Ice Waves Crash Ashore in Minnesota; "Ice Tsunami" Destroys Local Homes [VIDEO]

       Most homeowners can expect to wake up to opening their front door and finding a newspaper resting on their porch step. But this past weekend, Minnesota residents in the Mille Lacs Lake area came outside to a wave of ice blanketing their backyards and compromising their homes. According to the National Weather Service, northerly winds at 30 to 40 miles an hour pushed melting ice off the lake, causing an ice wave to come ashore.

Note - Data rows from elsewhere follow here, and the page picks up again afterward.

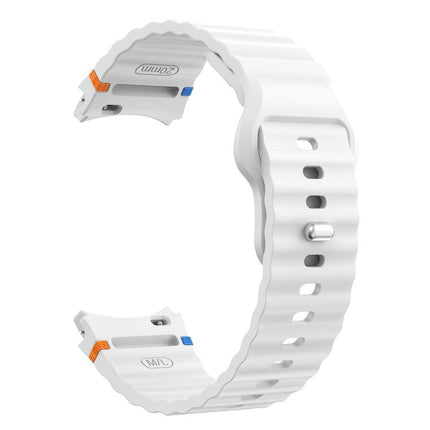 Wavy Grain Stitched Reverse Buckle 20mm Silicone Watch Band, For Samsung Galaxy Watch 7 40mm / 44mm - DealBuddy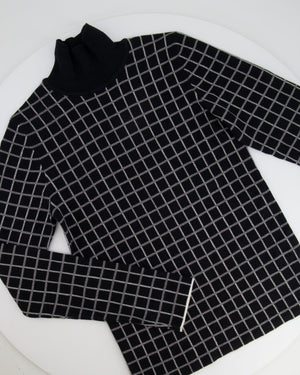 Hermès Black and White Checkered High Neck Jumper Size FR 34 (UK 6)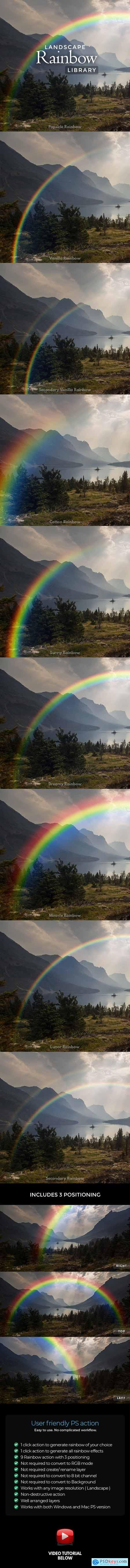 Landscape Rainbow Library - Photoshop Action 25878214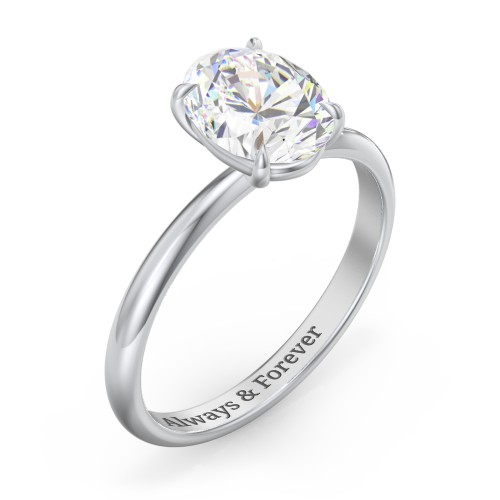 2 ct. (9x7mm) Oval Solitaire Moissanite Engagement Ring – 10K White Gold with Moissanite
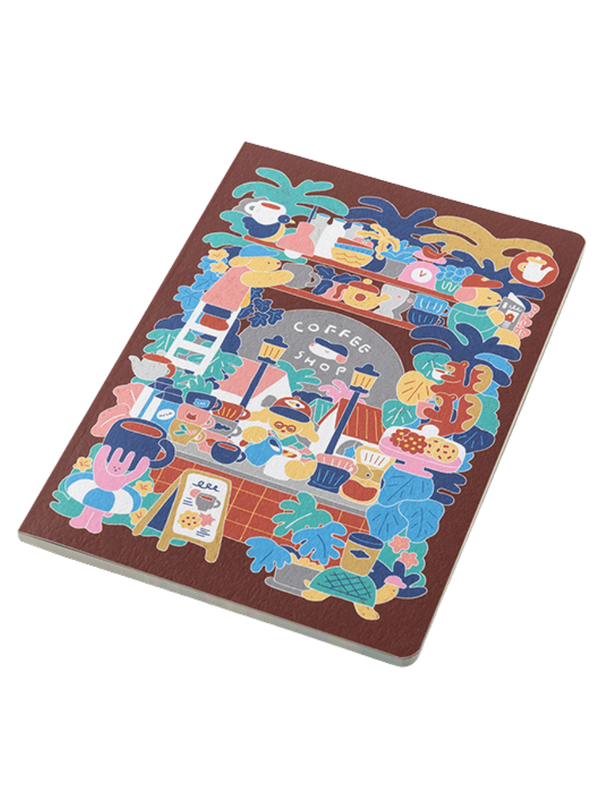 Midori Yuru Log B6 Dot Grid Notebook - Coffee Shop Design (15401006)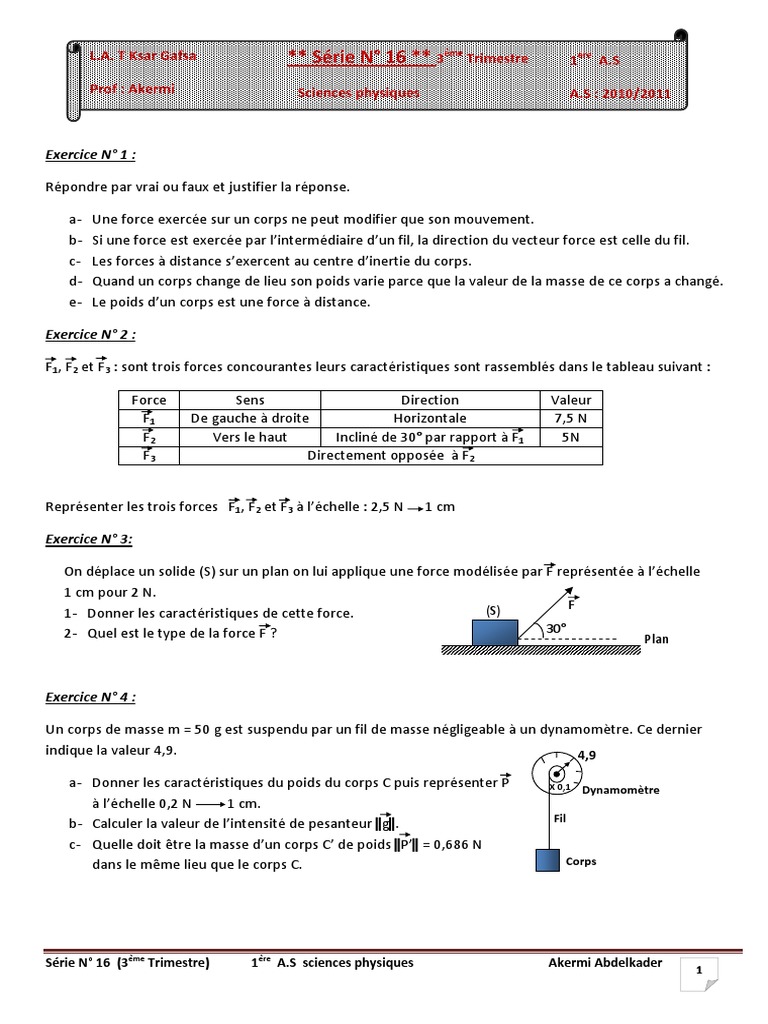 Exercices de Sciences Physiques 3ème Trimestre | PDF | Poids | Masse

       "It was just pushing and breaking and pushing and breaking," Darla Johnson, who made a video of Saturday's "ice tsunami," reportedly told CNN affiliate WCCO-TV in Minneapolis. Johnson's video had more than 275,000 views on YouTube by Monday morning. Another occurrence of this natural phenomenon happened on Friday in Alberta, Canada on Dauphin Lake, where a wall of ice almost 30 feet high damaged 20 homes, six of which were left irreparable.

      "It basically has the same mechanism of an iceberg," said CNN's Todd Boreck. "Winds, but more so ocean currents, allow icebergs to drift. Same premise: A chunk of ice (relatively shallow) was pushed by a strong, sustained wind. The momentum of the ice sheet overcame the friction of the land."

      "This is worse than a flood, because with a flood, the water just goes through and it's finished. With this, there's still so much ice out on the lake that if the wind picks up again, it could start all over," homeowner Elaine Davis told the CBC.

       As is the case with all natural disasters, all people can do is move out of the way and watch nature take its course, even if that means destroying their homes in the process. "You know you've got cement, concrete blocks and steel, and the ice goes through it like it's just a toothpick," Dennis Stykalo, who also lost a home to the ice, told the CBC.

      Minnesota is experiencing colder than average temperatures for the month of May, leaving residents in distress as they panic about the weather's effect on their homes. Fortunately, the severity has lessened and no injuries have been reported.